“Dear friends, I am not writing you a new command but an old one, which you have had since the beginning. This old command is the message you have heard. Yet I am writing you a new command; it’s truth is seen in him and in you, because the darkness is passing and the true light is already shining.” (1 John 2:7-8)
We bought my wife a cell phone on eBay a few months ago. It’s an Iphone 5, which was the model before the 5c and the 5s, which was the model before the 6, which was the model before the 6s. The 5 came out in late 2012 and was replaced by the 5c and 5s in late 2013. That is over two years ago now, which is something like a billion in technology years. Despite being an ancient artifact from Silicon Valley, one you half expect an archeologist had to dig out of the California desert, the phone was listed on eBay as “new.” And sure enough, it arrived in the original box, still shrink-wrapped, with no evidence any human had ever touched it since the day it first went into that box in China.

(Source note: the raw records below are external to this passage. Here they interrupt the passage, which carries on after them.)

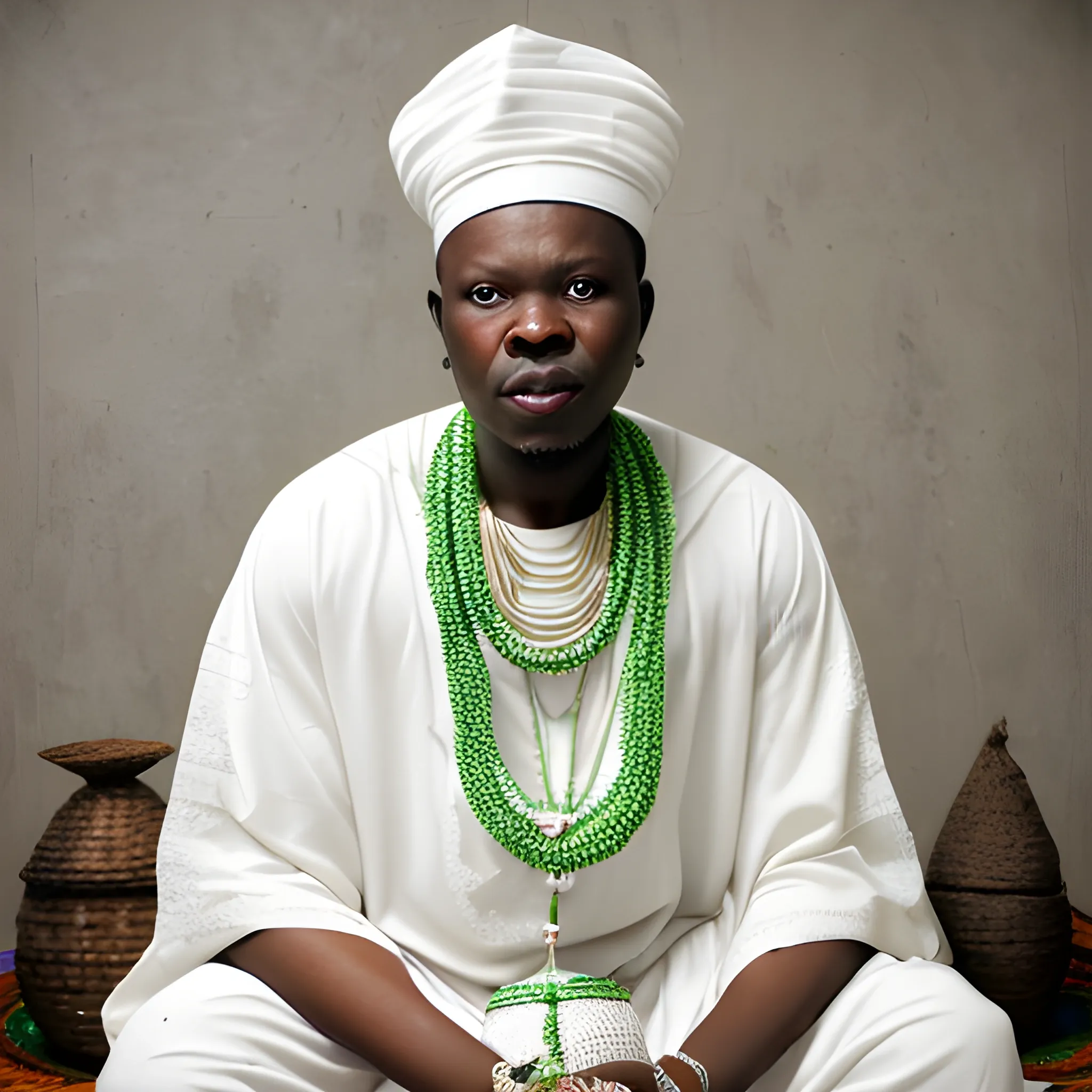 A babalawo of Yoruba tradition sitting in a room well decorated, mostly white and light gray, wearing white clothes, green and brown necklaces and surrounded by godsons. 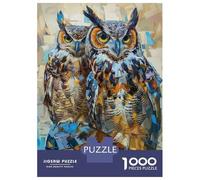 Puzzles De 1000 Pièces pour Adolescents Abstract Owl Art Print Puzzle pour Adolescents, Activités Familiales pour Anniversaire, Noël Et Cadeaux Uniques 38x26cm/1000pcs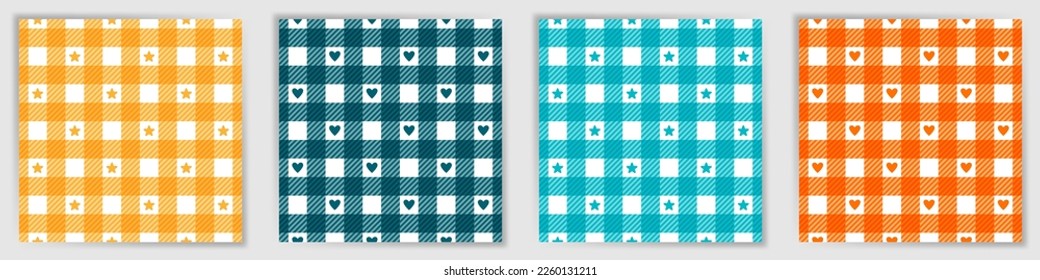 Vichy checkered endless ornament collection. British lumberjack plaid check fabric print set with stars and hearts. Vichy checkered geometric patterns for curtains textile print.
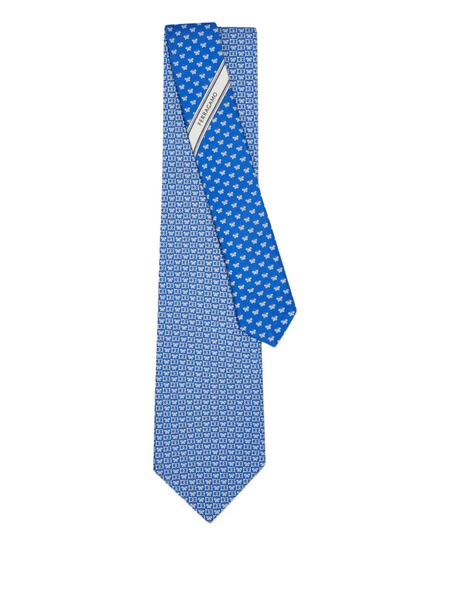  Ferragamo Butterfly-print Silk Tie - Blue 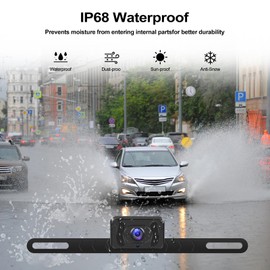 CAMECHO Wireless Reversing Camera Kit 4.3" IPS Reverse Camera Monitor AHD IP69 Waterproof Night Vision License Plate Rear View Camera for Cars RVs Pickups Vans Trucks Trailers Motorhomes Campers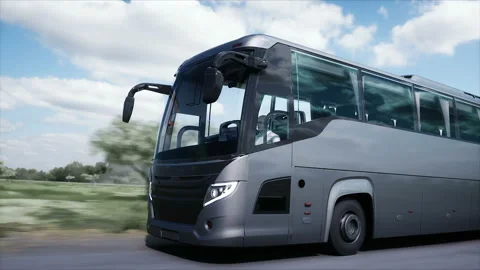 Touristic bus very fast driving on highway. Tourism, travel concept. Realistic Stock Footage 202103341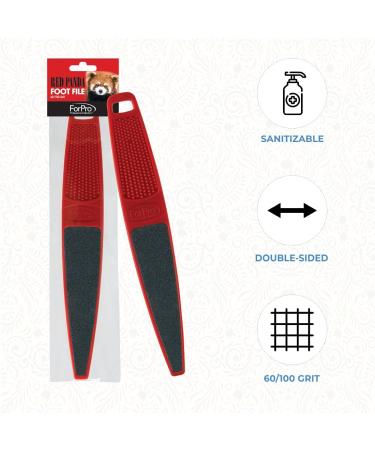 ForPro Red Panda Foot File 60/100 Grit Double-Sided Pedicure File for Feet and Heels - Large Size - Pack of 1 - Buy Online on SooperMarket.com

New doesn’t always mean “new in time.” New can also mean “new in quality.” That’s what John is trying to say here when he says about the old command, “Yet I am writing a new command.” Love has not lost any of its luster. It hasn’t lost any of its power either. Each time we put it into practice, it is as powerful and lovely to look at as if we just pulled it out of a shrink-wrapped box.
“Its truth is seen in him,” John writes–that is, in Jesus. If we want to understand Christian love, there is no better place to look than Jesus. Later in this book John will write, “This is love, not that we loved God, but that he loved us and sent his Son as an atoning sacrifice for our sins.” What do you call it when the people God created, the most gifted and privileged of all his creatures, completely turn against him and abandon him; and though he has the power to do so, God doesn’t wipe them out and start over? No, he promises to rescue them. For millennium after millennium he holds out his hands to them and invites them to come home. One day he comes and he takes their shape. He actually adopts the same sickened and weakened material they had made of the bodies he once gave them. He lives in the garbage dump they had made of the perfect planet he once fashioned as their home. For thirty years he served them. When they were sick he healed them. When they were hungry he fed them. When they criticized him and attacked him, he sat down to teach them. Finally, he shouldered the guilt for all their violence, and all their selfishness, and all their lack of self-control, and he suffered hell on a cross to make it all go away, like none of it had ever happened. He forgave them. What do you call that? That’s love. It’s not the attraction of a man for a woman. It’s not the camaraderie between close friends. It’s love freely given, just because Jesus chooses to love us.
That all happened two thousand years ago, but it is still as perfect and as shiny as that iPhone 5 in the shrink-wrapped box. It’s lovely to look at. It’s powerful to take in and consider. It’s new. And here’s how its useful: John says love’s truth is seen in him. There is something here that is hard to deny, isn’t there? There is something here that is just right, and winsome, and convincing, and magnetic, pulling us in. You know, you can debate with people about all sorts of spiritual trivia. You can try to answer all their objections to what the Bible says on a thousand different topics. But in the end, this is what is going to win them: the triumph of love, the truth we see as love emerges from the life and death of Jesus.